GC13E-0695:
Evaluating glacier volume changes since the Little Ice Age maximum and consequences for stream flow by integrating models of glacier flow and hydrology in the Cordillera Blanca, Peru

Monday, 15 December 2014
Kyung In Huh, Ohio State University-Byrd Polar Research Center, Columbus, OH, United States, Bryan G Mark, OSU-Byrd Polar Rsrch Ctr, Columbus, OH, United States, Michel Baraer, Ecole de Technologie Superieur, Montreal, QC, Canada and Yushin Ahn, Michigan Technological University, school of technology, Houghton, MI, United States
Abstract:
Assessing the historical contribution of glacier ice volume loss to stream flow based on reconstructed volume changes through Little Ice Age (LIA) can be directly related to the understanding of glacier-hydrology in the current epoch of rapid glacier ice loss that has disquieting implications for water resources in the Cordillera Blanca of the Peruvian Andes.

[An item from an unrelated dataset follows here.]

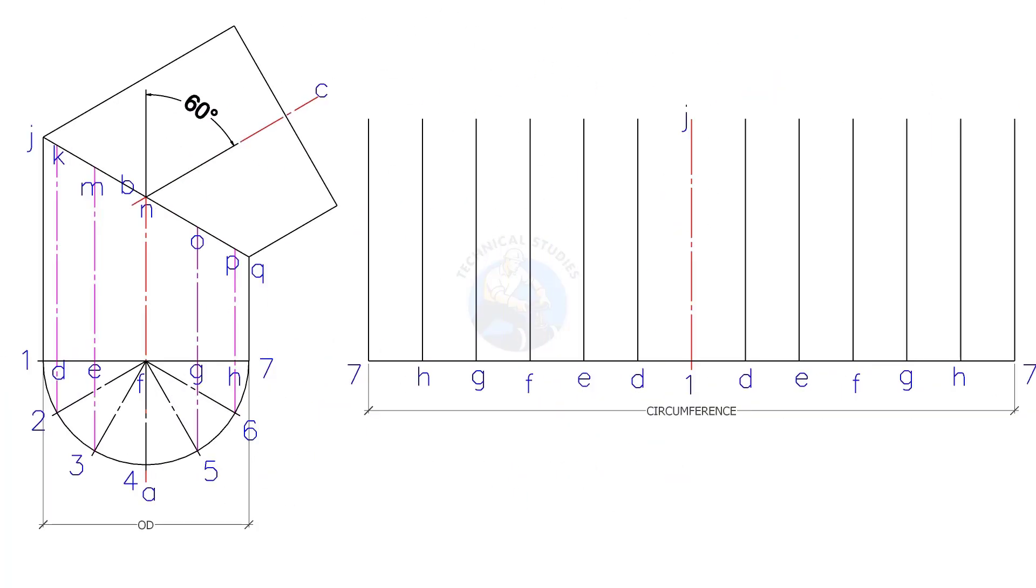Divide this line to 12 equal parts. Draw vertical lines as shown.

However, the accurate prediction of the future glacial meltwater availability for the increasing regional Andean society needs more extensive quantitative estimation from long-term glacial meltwater of reconstructed glacial volume.

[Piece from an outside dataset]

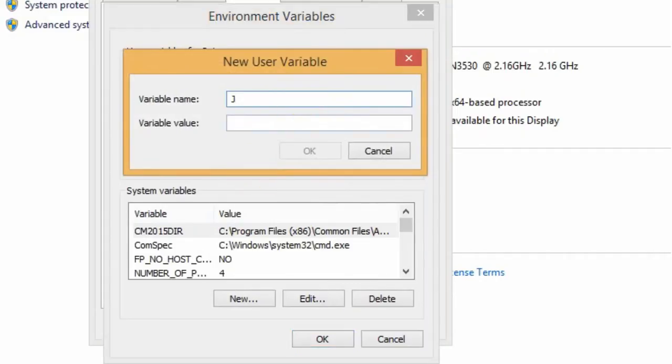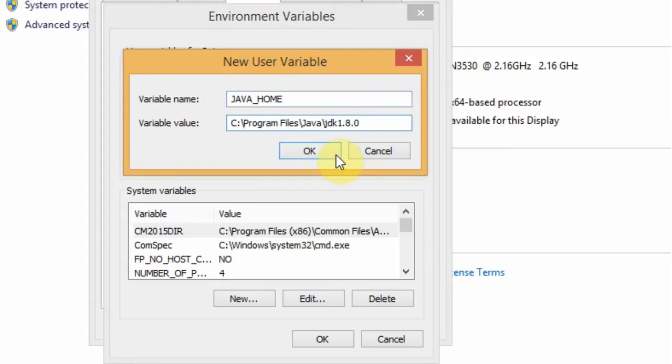Now set JAVA_HOME as variable name and in variable value paste that address location.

Modeling LIA paleoglaciers using a cellular automata glacier flow model in different catchments of the Cordillera Blanca allows us to reconstruct glacier volume and its change from likely combinations of climatic control variables and time.

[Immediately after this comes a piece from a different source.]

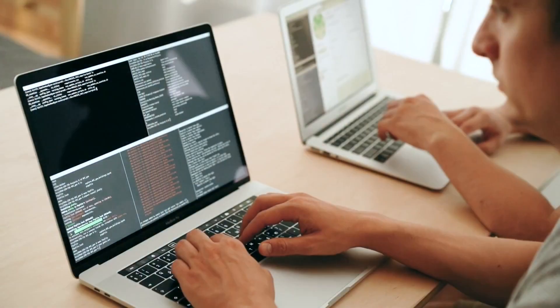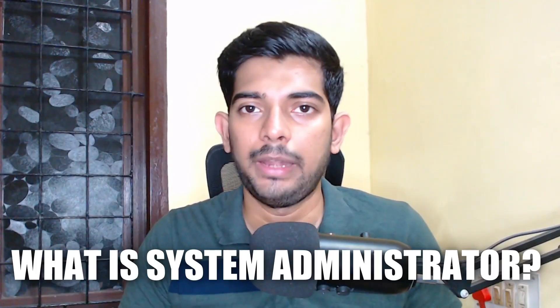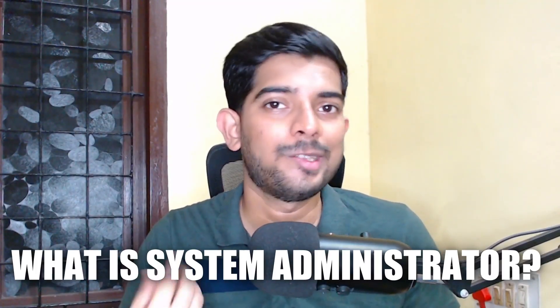In simple terms, DevOps is just about releasing your website or some software product from the development phase all the way to the production level. There are many other definitions you can find on Google or ChatGPT, but that's the core idea.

We compute the rate and magnitude of glacier volume changes for Yanamarey and Queshque glaciers between the LIA and modern defined by 2011 Advanced Spaceborne Thermal Emission and Reflection Radiometer (ASTER) Global Digital Elevation Model Version 2 (GDEM V2) from the Cordillera Blanca.

Also, we employ a recently demonstrated hydrological stream model (Baraer et al., 2012) for integrating the reconstructed glacier volume and its change to calculate glacier contribution to meltwater runoff as a function of glacier loss rate in the Yanamarey and the Queshque catchments, and reconstruct long-term glacier significance to stream flow.